Wipeout has a cool as hell 3D photo manipulation tool. F-Zero has the last-gen equivalent in a multi-camera replay mode. Wipeout has explosions full of gleaming particle effects. F-Zero manages a whole THIRTY cars at a time, each with aggressive AI, and does four-player on-screen multiplayer. Everything one does, the other has an equivalent. Applause to both games then.
Winner: It's a draw
Here's where things get a little trickier to call. You see Wipeout HD, like all of its predecessors, makes stunning use of contemporary dance music to create a juice- up feel that's very hard to write off. Playing it today, the ambience is perfect. But the problem is tomorrow.
The thing is, dance music dates faster than any other genre, and what makes the game fresh now will probably make it more than a bit cheesy in a year or two. Just go back and play Wipeout 2097 if you need proof of that. Of course, HD has the bonus of custom soundtracks, so it gets points for that, but we're talking about the standalone games here.
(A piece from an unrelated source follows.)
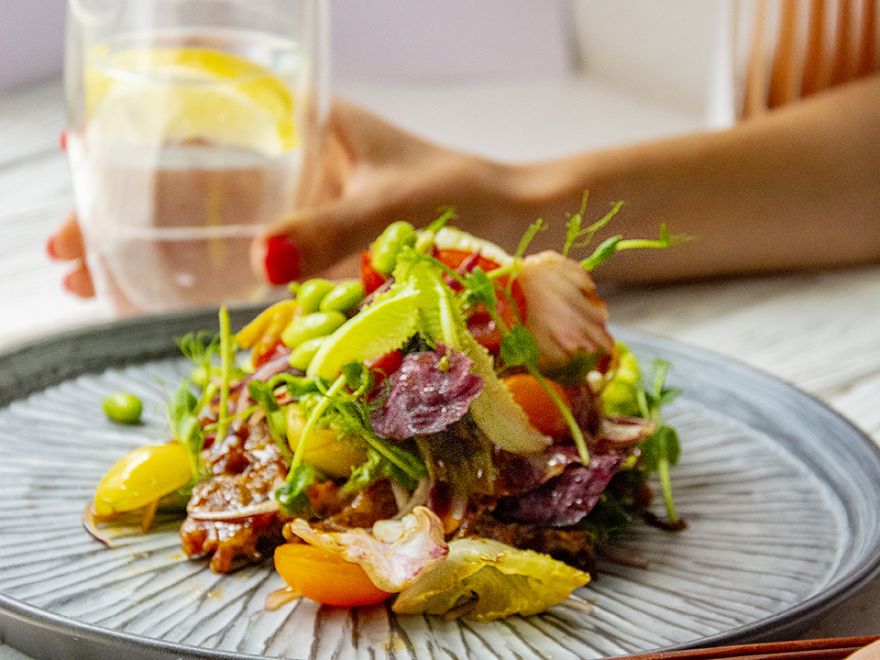 Салат із хрумкою качкою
F-Zero's tunes on the other hand, while a little more 'videogamey', remain fresh for that very reason. Created in their own aesthetic without regard for contemporary musical fads, they're a screamingly invigorating blend of dance beats, chugging metal guitar and jubilantly wailing solos. And in another advantage over Wipeout, each tune is tied to its own racetrack, meaning that every note and sound suits the atmosphere of the gameplay perfectly. In Wipeout HD, one size fits all.
Frankly, every tune is a killer and I haven't got the room or the time to post videos of them all, so I've just picked out a couple of my personal favourites. You can get a feel for the rest on Youtube. In the video above you'll find the glorious breakbeat jazz madness of Casino Loop, and the beautiful moment that the original SNES Mute City theme unexpectedly kicks in during the second lap of its GC descendant. To use a highly professional, journalistic description, the first time I ever played GX, the heart-threatening adrenalin and sheer brilliance of the game turned that little surprise into one of the most joyously air-punching, "F*CKING COME ON!" moments of my entire gaming career.